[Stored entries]
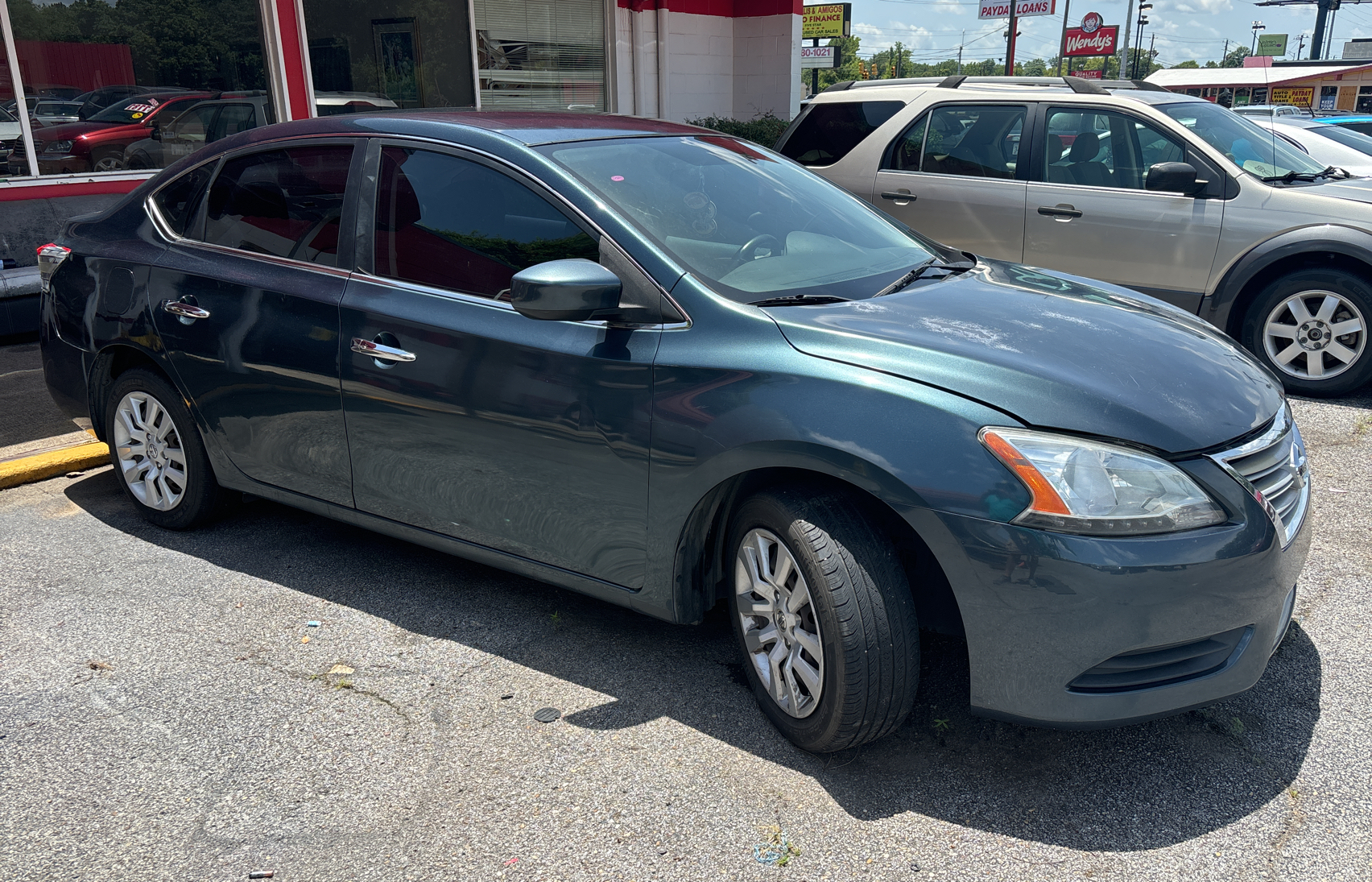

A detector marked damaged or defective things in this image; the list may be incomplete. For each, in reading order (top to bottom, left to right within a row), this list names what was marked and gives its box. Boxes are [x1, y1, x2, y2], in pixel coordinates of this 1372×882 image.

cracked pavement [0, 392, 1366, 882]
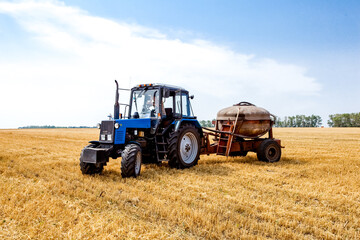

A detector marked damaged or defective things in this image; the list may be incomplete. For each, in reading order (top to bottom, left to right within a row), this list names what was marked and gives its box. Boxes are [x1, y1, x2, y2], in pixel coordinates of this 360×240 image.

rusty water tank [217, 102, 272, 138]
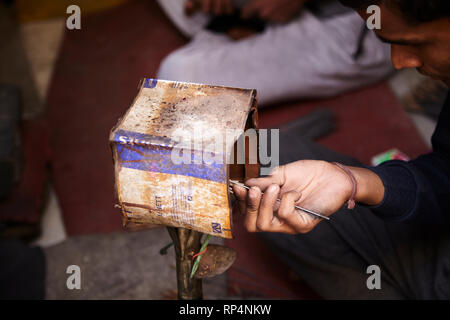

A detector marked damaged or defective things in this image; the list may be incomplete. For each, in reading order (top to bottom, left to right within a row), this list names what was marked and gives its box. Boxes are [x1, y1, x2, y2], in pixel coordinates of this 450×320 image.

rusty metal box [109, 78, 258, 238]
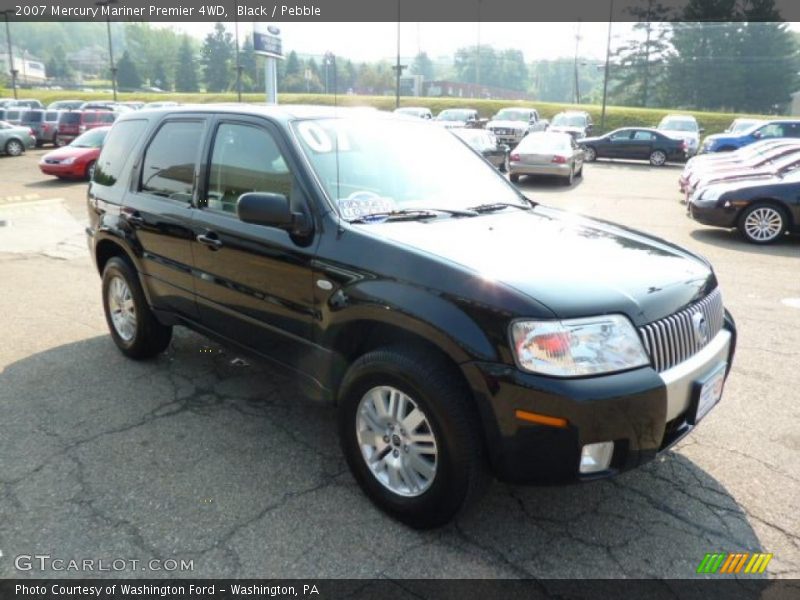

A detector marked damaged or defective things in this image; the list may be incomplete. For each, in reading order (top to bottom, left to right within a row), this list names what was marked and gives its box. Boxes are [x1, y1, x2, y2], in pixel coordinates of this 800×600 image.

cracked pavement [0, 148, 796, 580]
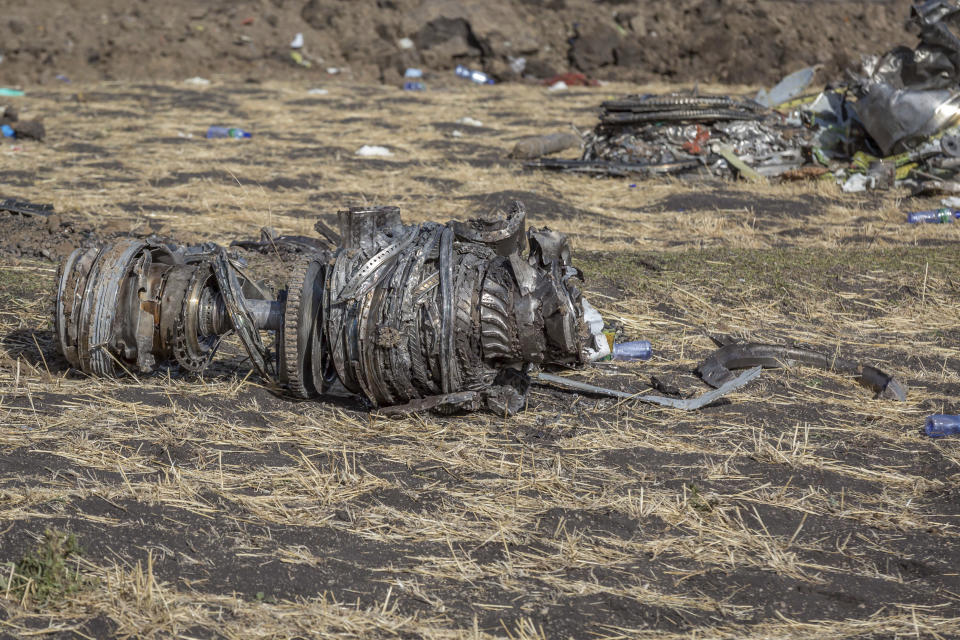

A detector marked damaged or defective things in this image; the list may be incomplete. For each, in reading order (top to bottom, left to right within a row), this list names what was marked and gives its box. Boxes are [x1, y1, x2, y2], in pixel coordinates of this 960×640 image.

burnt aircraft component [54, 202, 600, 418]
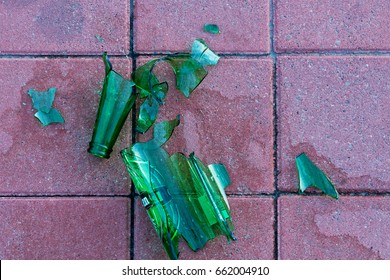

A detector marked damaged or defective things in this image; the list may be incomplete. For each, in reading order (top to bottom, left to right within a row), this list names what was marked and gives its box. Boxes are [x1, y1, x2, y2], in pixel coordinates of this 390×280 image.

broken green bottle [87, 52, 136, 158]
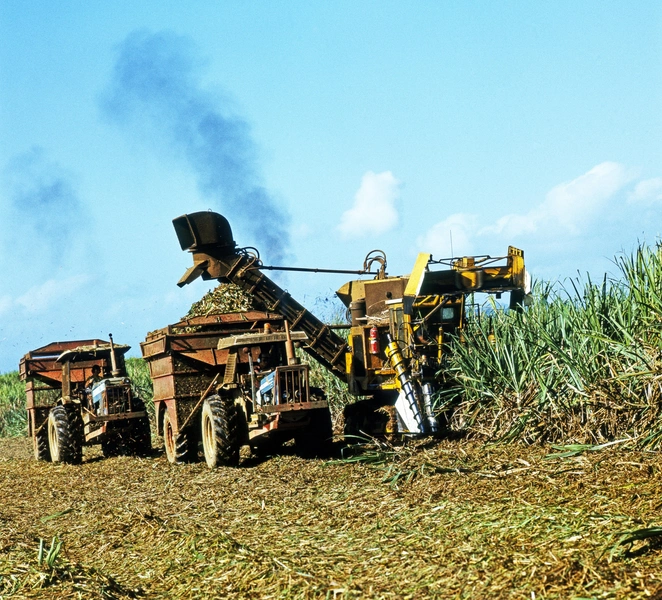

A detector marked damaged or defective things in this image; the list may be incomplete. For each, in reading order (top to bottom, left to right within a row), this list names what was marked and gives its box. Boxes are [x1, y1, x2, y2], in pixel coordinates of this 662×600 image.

> [YOUR ASSIGNMENT]
Repeat every record above exactly. The pictures do not belong in the copy.

> [ANSWER]
A detector marked damaged or defective things in this image; the list may be incomplete. For each, in reading order (top to bottom, left to right within a row), this list names what was marked and gives its box. Boxes are [x1, y1, x2, y2], in pixel coordinates of this 1372×882 image.

cracked pavement [0, 392, 1366, 882]

A detector marked damaged or defective things in this image; the list may be incomplete. For each, in reading order (top to bottom, left to right within a row), this list names what was marked and gives its box. Boxes are [x1, y1, x2, y2], in pixel coordinates of this 360×240 image.

rusty water tank [217, 102, 272, 138]

A detector marked damaged or defective things in this image; the list may be incomplete. For each, in reading order (top to bottom, left to right within a row), this list names what was marked and gives its box. Boxes are [x1, y1, x2, y2], in pixel coordinates of this 450×320 image.

rusty metal box [109, 78, 258, 238]

A detector marked damaged or defective things in this image; the list may be incomplete. For each, in reading order (top to bottom, left to right within a row), this list names what was marked and gives its box. Boxes are [x1, y1, x2, y2], in pixel coordinates of this 800×600 image.

cracked pavement [0, 148, 796, 580]

A detector marked damaged or defective things in this image; the list may be incomplete. For each, in reading order (top to bottom, left to right within a row), this list names what was marked and gives its box. Boxes are [x1, y1, x2, y2], in pixel coordinates of this 960×640 image.

burnt aircraft component [54, 202, 600, 418]

A detector marked damaged or defective things in this image; the list may be incomplete. For each, in reading order (top to bottom, left to right within a row), this list names what was marked and gives its box. Boxes are [x1, y1, x2, y2], in pixel coordinates of this 390×280 image.

broken green bottle [87, 52, 136, 158]

A detector marked damaged or defective things in this image; the list may be incomplete. For each, in reading order (top to bottom, left to right within a row), this list names what was marked and gives its box. Boxes are [x1, y1, x2, y2], in pixel coordinates of this 662×600 image.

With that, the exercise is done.